Saturday, January 30, 2016

Citation du 31 janvier 2016

Il ne peut y avoir aucune explication qui vaille. Car expliquer, c'est déjà vouloir un peu excuser.
Manuel Valls, lors de l’hommage aux victimes de l’Hyper Cacher le 9 janvier 2016

« Expliquer, c’est vouloir un peu excuser » : appréciez la modération ! Mais enfin, l’idée est claire : rechercher les causes d’un acte mauvais, ce serait en excuser l’auteur dans la mesure où on trouverait des causes extérieures à sa volonté qui le déchargeraient de sa responsabilité.
Exemples ?
- Voilà donc un pédophile « un peu innocenté », parce qu’étant petit, il a été violé par son père (ou son grand frère) : « Regardez mon client, monsieur le juge.
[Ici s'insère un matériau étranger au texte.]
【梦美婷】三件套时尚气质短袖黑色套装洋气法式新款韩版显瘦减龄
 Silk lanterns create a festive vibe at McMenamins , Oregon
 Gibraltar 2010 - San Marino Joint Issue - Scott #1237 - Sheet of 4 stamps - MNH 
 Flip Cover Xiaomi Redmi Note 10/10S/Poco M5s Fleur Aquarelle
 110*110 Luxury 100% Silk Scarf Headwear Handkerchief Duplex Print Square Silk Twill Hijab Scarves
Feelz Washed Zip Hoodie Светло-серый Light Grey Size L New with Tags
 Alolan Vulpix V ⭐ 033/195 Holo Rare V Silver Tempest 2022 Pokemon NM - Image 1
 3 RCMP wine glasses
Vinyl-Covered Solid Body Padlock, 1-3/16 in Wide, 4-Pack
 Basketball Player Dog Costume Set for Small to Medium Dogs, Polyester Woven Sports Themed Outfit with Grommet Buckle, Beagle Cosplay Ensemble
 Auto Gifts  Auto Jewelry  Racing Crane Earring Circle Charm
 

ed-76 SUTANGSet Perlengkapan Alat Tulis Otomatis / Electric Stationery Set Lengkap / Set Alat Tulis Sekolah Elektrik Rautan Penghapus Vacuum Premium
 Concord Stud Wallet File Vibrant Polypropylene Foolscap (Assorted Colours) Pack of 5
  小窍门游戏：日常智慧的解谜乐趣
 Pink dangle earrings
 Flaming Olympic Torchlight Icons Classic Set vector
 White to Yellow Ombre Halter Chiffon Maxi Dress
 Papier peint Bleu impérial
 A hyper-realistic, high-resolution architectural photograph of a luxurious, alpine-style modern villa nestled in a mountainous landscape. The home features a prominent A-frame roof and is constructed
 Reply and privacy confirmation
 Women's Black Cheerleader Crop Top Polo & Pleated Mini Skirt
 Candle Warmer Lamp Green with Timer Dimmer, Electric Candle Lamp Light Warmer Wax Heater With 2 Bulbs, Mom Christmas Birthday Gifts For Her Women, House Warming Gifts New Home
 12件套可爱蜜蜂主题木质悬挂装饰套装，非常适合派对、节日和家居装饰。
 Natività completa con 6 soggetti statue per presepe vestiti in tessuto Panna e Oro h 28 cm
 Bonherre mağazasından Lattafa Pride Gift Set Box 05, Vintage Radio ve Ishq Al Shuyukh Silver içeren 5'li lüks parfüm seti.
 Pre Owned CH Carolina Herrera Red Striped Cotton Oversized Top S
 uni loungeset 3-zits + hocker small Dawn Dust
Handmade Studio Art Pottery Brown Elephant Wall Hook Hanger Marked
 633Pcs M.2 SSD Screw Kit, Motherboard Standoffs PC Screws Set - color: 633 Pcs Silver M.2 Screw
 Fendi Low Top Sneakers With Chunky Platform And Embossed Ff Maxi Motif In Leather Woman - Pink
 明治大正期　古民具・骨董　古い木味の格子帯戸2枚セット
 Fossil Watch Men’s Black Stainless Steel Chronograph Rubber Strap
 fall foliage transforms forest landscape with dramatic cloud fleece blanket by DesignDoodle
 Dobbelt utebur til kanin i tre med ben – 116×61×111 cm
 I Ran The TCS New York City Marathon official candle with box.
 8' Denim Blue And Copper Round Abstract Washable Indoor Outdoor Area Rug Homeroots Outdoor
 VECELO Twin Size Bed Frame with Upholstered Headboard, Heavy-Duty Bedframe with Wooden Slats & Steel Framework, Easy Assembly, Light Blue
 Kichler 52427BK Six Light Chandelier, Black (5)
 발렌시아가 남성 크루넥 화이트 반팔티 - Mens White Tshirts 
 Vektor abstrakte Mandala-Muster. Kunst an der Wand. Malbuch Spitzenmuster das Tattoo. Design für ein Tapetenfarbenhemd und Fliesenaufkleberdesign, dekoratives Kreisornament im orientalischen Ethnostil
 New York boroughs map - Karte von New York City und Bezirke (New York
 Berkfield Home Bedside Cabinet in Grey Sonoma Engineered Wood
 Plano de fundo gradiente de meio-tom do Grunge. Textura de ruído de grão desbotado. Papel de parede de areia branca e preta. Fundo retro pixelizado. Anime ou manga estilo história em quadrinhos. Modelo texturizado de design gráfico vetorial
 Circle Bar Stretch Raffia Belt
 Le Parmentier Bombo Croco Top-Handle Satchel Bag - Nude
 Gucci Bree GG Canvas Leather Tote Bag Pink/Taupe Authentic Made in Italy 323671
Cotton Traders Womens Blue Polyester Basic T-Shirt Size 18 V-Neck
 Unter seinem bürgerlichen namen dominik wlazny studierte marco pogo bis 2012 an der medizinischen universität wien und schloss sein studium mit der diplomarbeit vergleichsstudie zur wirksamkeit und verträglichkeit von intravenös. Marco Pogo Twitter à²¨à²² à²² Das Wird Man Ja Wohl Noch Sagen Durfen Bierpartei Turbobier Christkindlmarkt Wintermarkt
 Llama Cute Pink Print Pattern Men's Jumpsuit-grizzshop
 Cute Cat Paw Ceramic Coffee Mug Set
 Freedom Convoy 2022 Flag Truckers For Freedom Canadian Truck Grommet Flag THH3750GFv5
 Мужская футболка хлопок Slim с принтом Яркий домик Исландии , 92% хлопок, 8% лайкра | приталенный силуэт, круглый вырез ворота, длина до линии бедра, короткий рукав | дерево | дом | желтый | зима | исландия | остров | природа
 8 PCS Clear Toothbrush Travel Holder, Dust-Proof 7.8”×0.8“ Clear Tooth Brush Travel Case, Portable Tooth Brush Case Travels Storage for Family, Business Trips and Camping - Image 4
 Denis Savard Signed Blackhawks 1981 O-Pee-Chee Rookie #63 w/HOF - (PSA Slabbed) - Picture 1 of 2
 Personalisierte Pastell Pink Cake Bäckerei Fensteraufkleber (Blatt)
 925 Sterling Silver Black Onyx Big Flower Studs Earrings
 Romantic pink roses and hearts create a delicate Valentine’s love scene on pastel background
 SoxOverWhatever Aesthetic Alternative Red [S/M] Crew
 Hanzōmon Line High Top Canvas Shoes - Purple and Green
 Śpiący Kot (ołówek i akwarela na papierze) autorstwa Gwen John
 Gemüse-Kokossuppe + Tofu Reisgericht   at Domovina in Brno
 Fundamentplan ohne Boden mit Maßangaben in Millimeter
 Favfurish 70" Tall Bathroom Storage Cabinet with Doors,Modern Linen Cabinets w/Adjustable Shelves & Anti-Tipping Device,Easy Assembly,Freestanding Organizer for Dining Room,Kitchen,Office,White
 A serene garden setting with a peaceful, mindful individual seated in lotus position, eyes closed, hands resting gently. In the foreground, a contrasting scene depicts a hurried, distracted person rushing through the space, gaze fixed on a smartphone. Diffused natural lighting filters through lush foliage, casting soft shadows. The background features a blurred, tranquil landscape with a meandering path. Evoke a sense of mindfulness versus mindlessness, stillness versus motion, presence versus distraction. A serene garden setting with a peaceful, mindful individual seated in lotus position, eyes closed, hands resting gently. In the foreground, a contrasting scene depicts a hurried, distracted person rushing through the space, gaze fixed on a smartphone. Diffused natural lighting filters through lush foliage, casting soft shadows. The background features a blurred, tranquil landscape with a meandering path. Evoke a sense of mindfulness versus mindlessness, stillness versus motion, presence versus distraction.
Imaginez cet enfant, humilié et violé ; comment voulez-vous qu’il se comporte normalement  devenu adulte ? »
Un autre exemple ?
- L’avocat du djihadiste : « Imaginez, mesdames et messieurs les jurés, l’exclusion, les vexations dont a été victime l’accusé ; cet homme dont on a fait un paria simplement parce qu’il était arabe, a qui on a refusé tout avenir, comprenez pourquoi il a pris une kalach’ et a tiré dans le tas. Oui, mesdames et messieurs les jurés : pensez à tout cela et vous comprendrez que c’est notre société qui est responsable. »
Inacceptable : à l’origine de tout acte humain, il y a la liberté d’un homme qui a voulu ce qu’il a fait. Dans notre droit, tout homme dès lors qu’il a atteint la majorité, est considéré comme libre et responsable de ses actes. Il y a deux exceptions : les esclaves (qui n’existent plus) et les déments. (1) 
Admettons un instant que ces criminels qui ont massacré des innocents à Paris l’aient fait sous l’emprise d’un délire entretenu par des imams fanatiques. Les voici exonérés de la sanction judiciaire pour les crimes qu’ils ont commis. Ce faisant, suivons-nous Jésus crucifié  criant « Père, pardonne-leur parce qu’ils ne savent pas ce qu’ils font. » ? Pas vraiment, car  on ne les excuse pas pour autant : ils sont simplement considérés comme ayant été en dehors de l’humanité le temps de leur action ; ce ne sont plus des « sujets de droit »; on ne leur ferait pas plus de procès qu’on n’en ferait aujourd’hui au cochon qui a dévoré le bébé tombé au sol.
… Je devine un certain agacement chez mes lecteurs : « Pas d’accord, cher philosophe ! En admettant même que le djihadiste soit lui aussi privé de discernement – comme envouté par les émirs auto-proclamés de Daech – par contre, lorsqu’il n’était qu’un aspirant djihadiste il y a bien eu un moment où il a choisi les valeurs criminelles qui étaient liées à sa radicalisation. Il ne peut s’en excuser : devenir égorgeur, c’était dans le package, et il l’a choisi. »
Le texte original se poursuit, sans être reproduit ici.